This lesson is still being designed and assembled (Pre-Alpha version)

Fundamentals of Heterogeneous Parallel Programming with CUDA C/C++

This tutorial by the Molecular Sciences Software Institute (MolSSI) overviews the fundamentals of heterogeneous parallel programming with CUDA C/C++ at the beginner level.

The MolSSI’s full education mission statement can be found here.


  • Previous knowledge of High-performance Computing (HPC) basic concepts are helpful but not required for starting this course. Nevertheless, we encourage students to take a glance at our Parallel Programming tutorial, specifically, Chapters 1, 2 and 5 for a brief overview of some of the fundamental concepts in HPC.
  • Basic familiarity with Bash, C and C++ programming languages is required.

Software/Hardware Specifications

The following NVIDIA CUDA-enabled GPU devices have been used throughout this tutorial:

  • Device 0: GeForce GTX 1650 with Turing architecture (Compute Capability = 7.5)
  • Device 1: GeForce GT 740M with Kepler architecture (Compute Capability = 3.5)

Linux 18.04 (Bionic Beaver) OS is the target platform for CUDA Toolkit v11.2.0 on the two host machines armed with devices 0 and 1.


Setup Download files required for the lesson
00:00 1. Introduction What is heterogeneous parallel programming?

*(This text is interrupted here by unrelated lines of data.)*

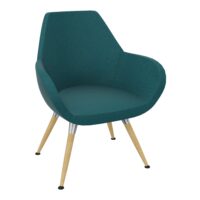 Chauffeuse Bip revêtement tissu Step  bleu pétrole  4 pieds mélamine hêtre clair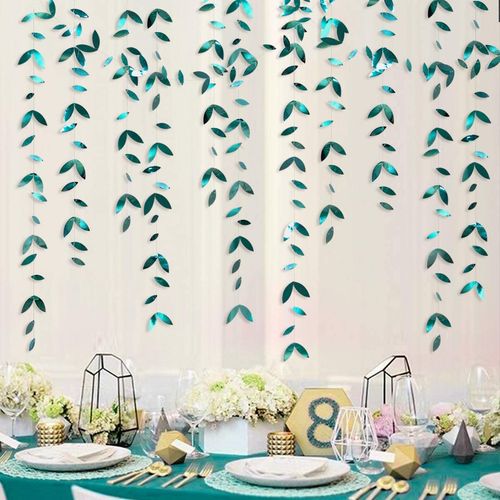 Dark Emerald Green Leaf Garland - 4M Eco-Friendly Decoration Banner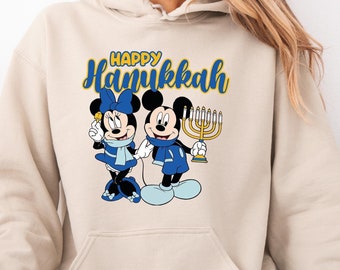 Disney Mickey And Minnie Mouse Happy Hanukkah Hoodie, Happy Hanukkah Hoodie, Menorah Hoodie, Jewish Holiday Hoodie, Hanukkah Holiday Gift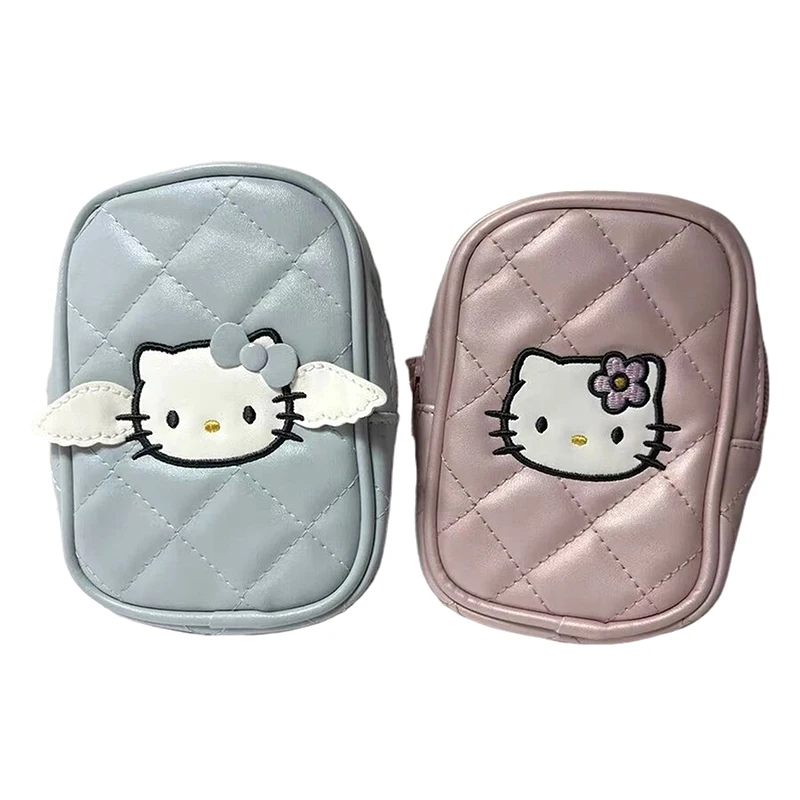 Kawaii Hello Kitty Opbergtas Anime Sanrios Kt Cat Pu Munt Portemonnee Lief Meisje Ccd Camera Tas Draagbare Lippenstift Wisselzak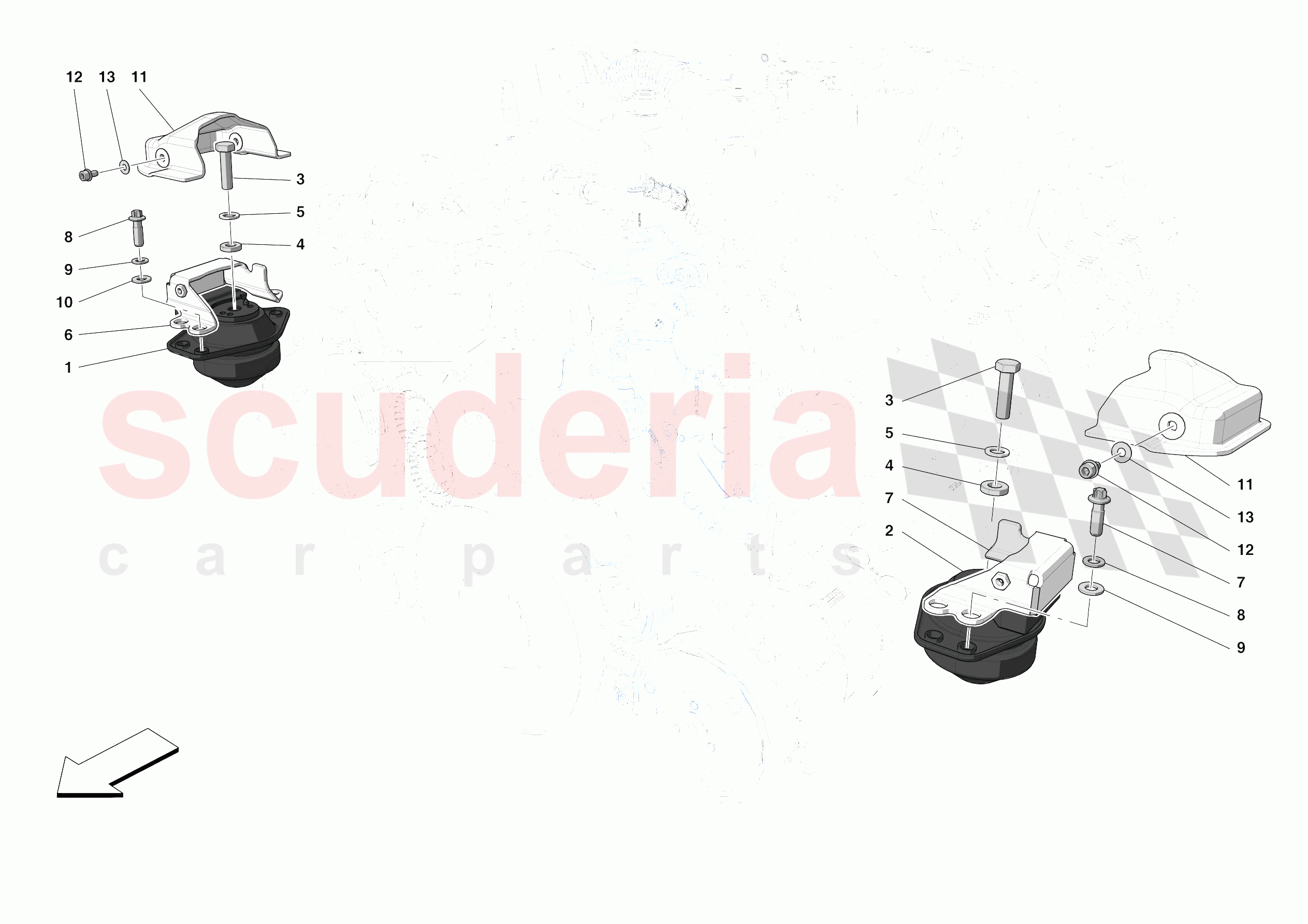 ENGINE SUSPENSION BUSH of Ferrari Ferrari F8 Spider Europe RH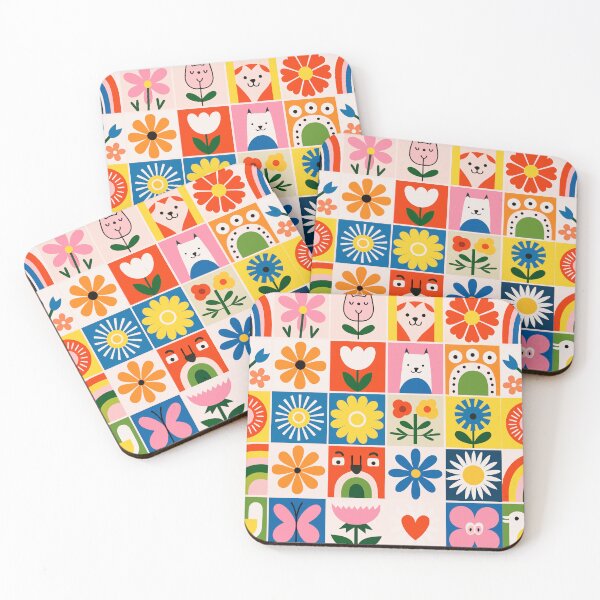 Artikelvorschau, Retro Folk Art Flowers and Animals Pattern entworfen und verkauft von Timegraf.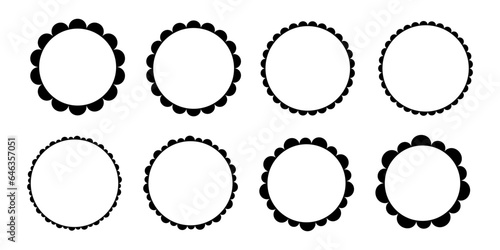 Scallop frame, badge, label vector icon set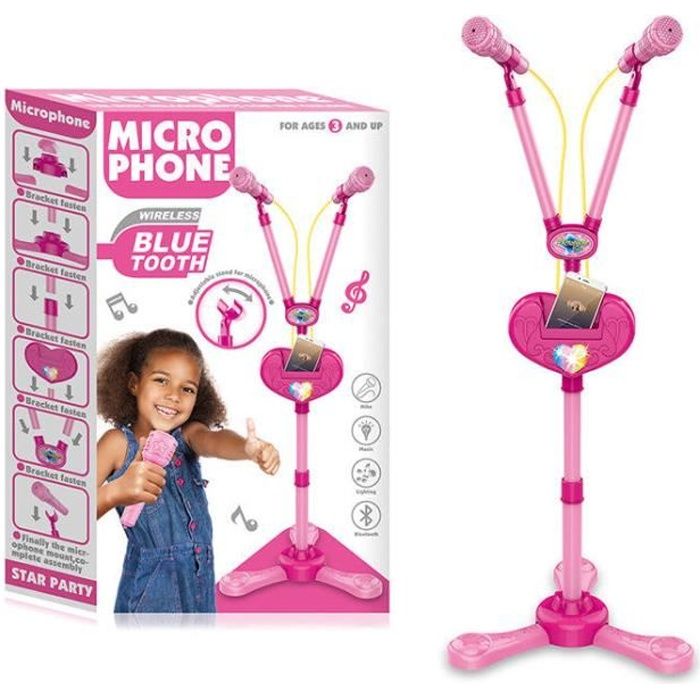 Micro Enfant sur Pied Karaoké Enfants  karaoké microphone bluetooth Avec effet déclairage musical avec deux microphones rose 2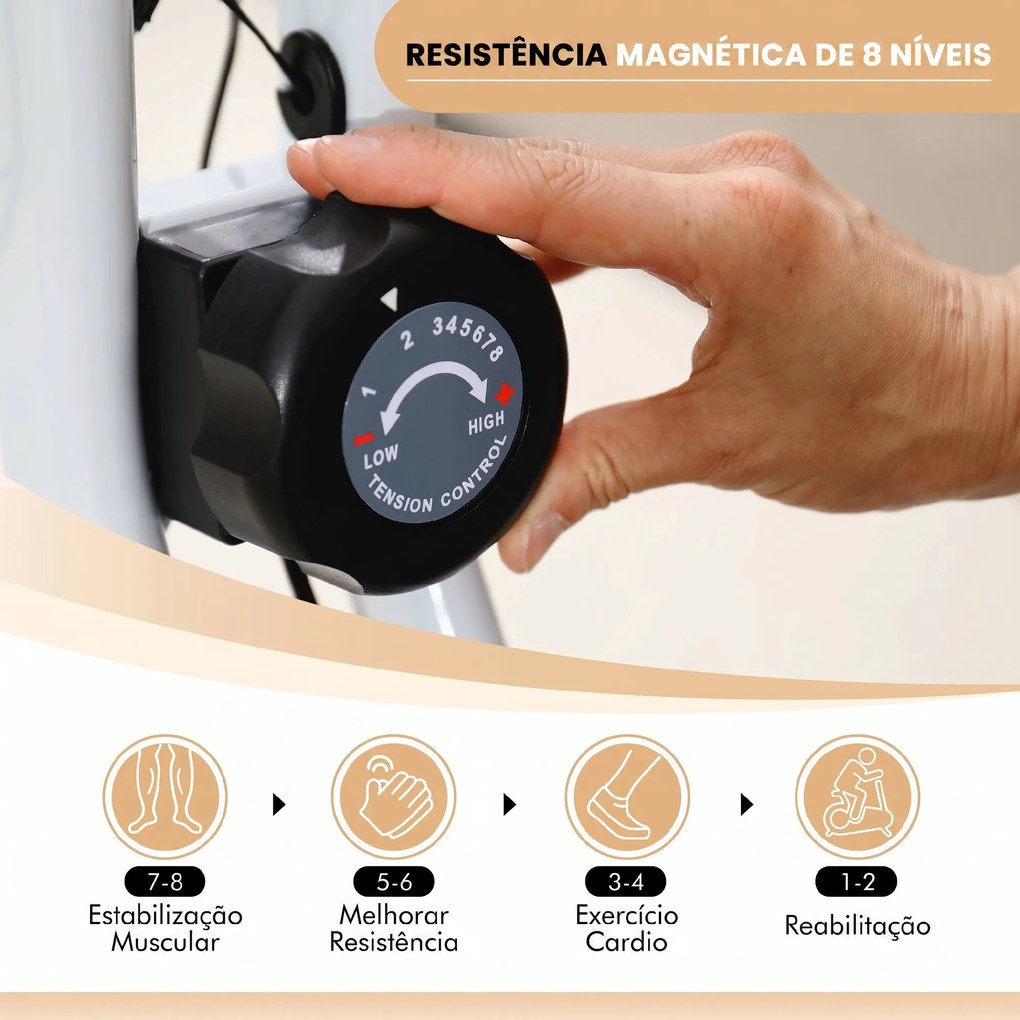 Bicicleta Estática Dobrável Silenciosa com 8 Níveis de Resistência, Monitor LCD, Assento Ajustável e Rodas, Branca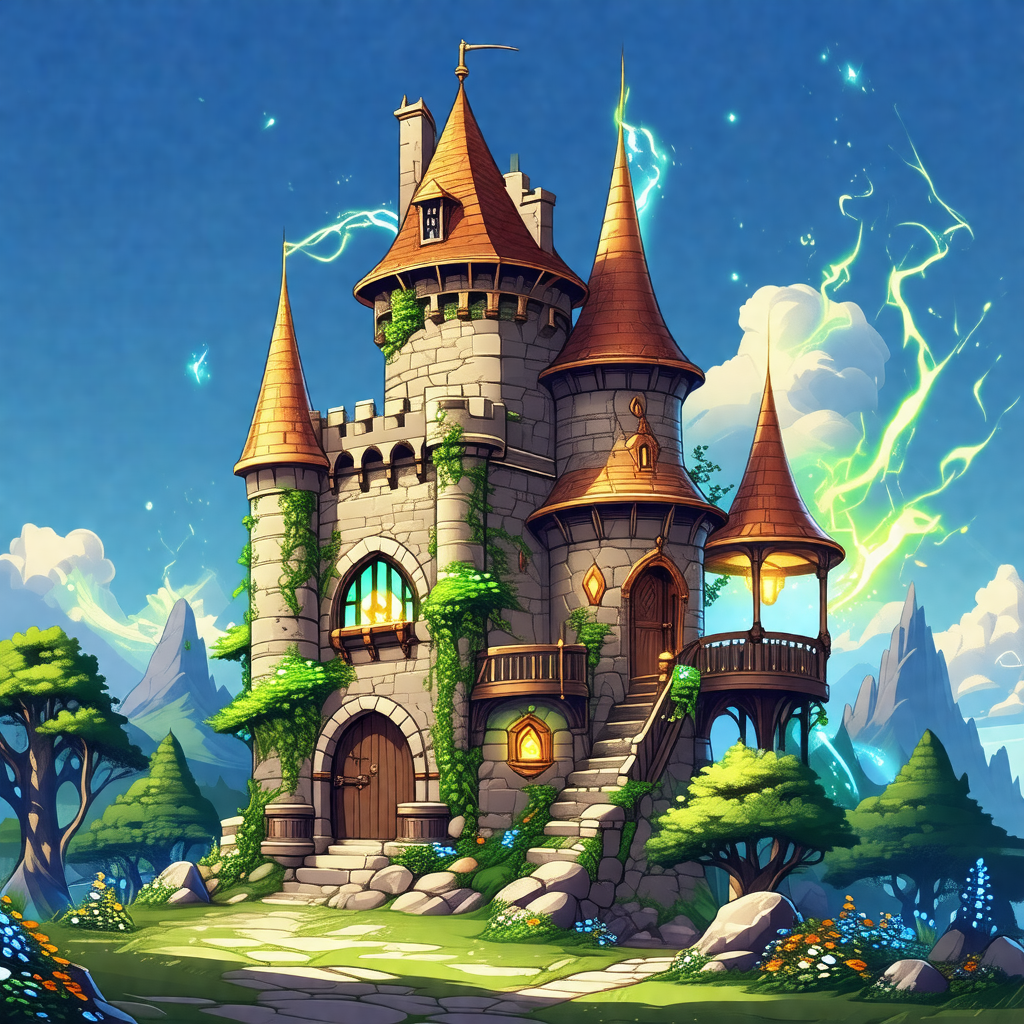 Large, colorful castle with a tall tower and a pointed roof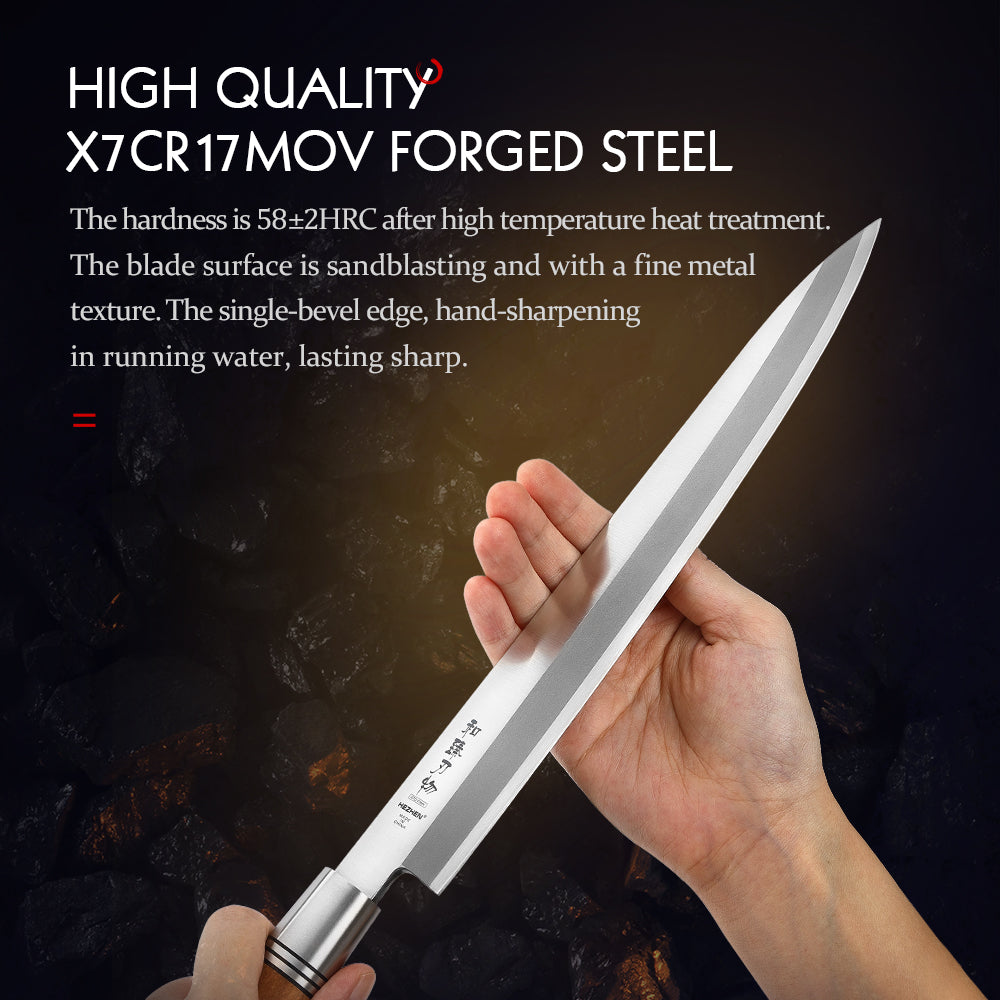 HEZHEN Premium 27cm Sashimi Knife X7Cr17MoV Forged Steel With Olive Wood Handle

Where did it come from and how did it evolve?
What are the main differences between CPU and GPU architectures and their relation to parallel programming paradigms?
What is CUDA? Why do I need to know about it?
00:30 2. Basic Concepts in CUDA Programming How to write, compile and run a basic CUDA program?
What is the structure of a CUDA program?
How to write and launch a CUDA kernel function?
01:00 3. CUDA Programming Model What is thread hierarchy in CUDA?
How can threads be organized within blocks and grids?
How can the data be transferred between host and device memory?
How can we measure the wall-time of an operation in a program?
02:00 4. CUDA GPU Compilation Model What is NVCC compiler and why do we need it?
Can multiple GPU and CPU source code files be simultaneously compiled with NVCC?
How does NVCC distinguish between the host and device code domains and handle the compilation process?
How can runtime errors be handled during a CUDA program execution?
02:47 5. CUDA Execution Model What is CUDA execution model?
How insights from GPU architecture helps CUDA programmers to write more efficient software?
What are streaming multiprocessors and thread warps?
What is profiling and why is it important to a programmer?
How many profiling tools for CUDA programming are available and which one(s) should I choose?
03:22 Finish

The actual schedule may vary slightly depending on the topics and exercises chosen by the instructor.